Now, let's extend this to the rest of the software market. Here you can argue a bit more for a secondary market, since software regularily comes out with new versions, encouraging you to pugrade. If you look at that boxed software revenue cycle it becomes clear that the added features and version revving just exist to extend a product into a recurring revenue stream. And if that's the motivation, it also means we're encouraging developers to spend less on quality and bug fixes (because nobody wants to pay for those), and more on bells and whistles, cause those justify the version rev and with it the upgrade price. In reality, if you use Photoshop professionally you've long ago stopped being a purchaser of boxed software and are instead a subscriber to the upgrade path.

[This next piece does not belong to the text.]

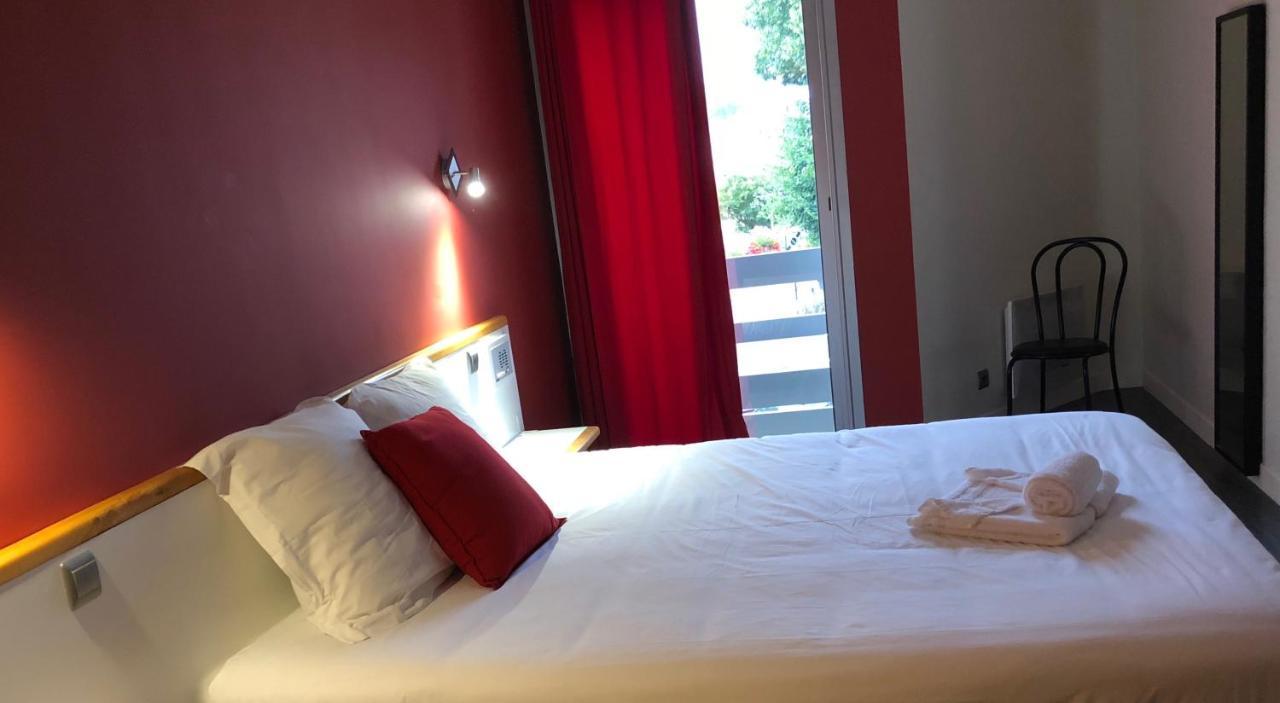 Hotel La Voile Rouge Rosporden Esterno foto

This fickle revenue stream also has an effect on pricing. You may only use Powerpoint once in a while, but you paid to use it 24/7. Or maybe because you don't use it enough you've rationalized pirating it, which only serves to justify a high price tag, since the paying customers are subsidizing the pirates. Either way, the developer inflates the price to smooth out the revenue stream.

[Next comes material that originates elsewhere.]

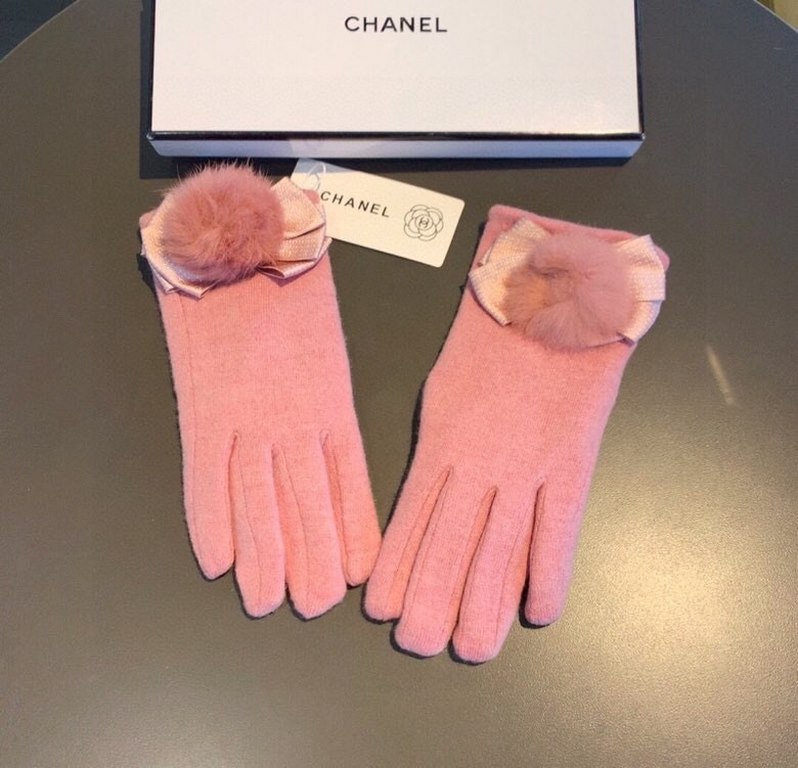 With packaging2022 new Chanel Chanel counter new wool gloves, fashion gloves, fall and winter warm padded lining, with fox fur ball ten bow   on the hand super comfortable and soft, versatile! Average size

The sooner we stop pretending that we buy software and just admit that really we just want to rent it, the better. Being addicted to high retail prices, some publishers certainly will try to keep the same pricing as they move to the cloud, but the smart ones will adjust their pricing to attract those buyers who would never have bought the boxed version. Buying metered or by subscription has the potential for concentrating on excellence rather than bloat and the responsiveness and frequent updates of existing services seem to bear that promise out already. It's really in our favor to let go of idea of wanting a boxed product with a resale value.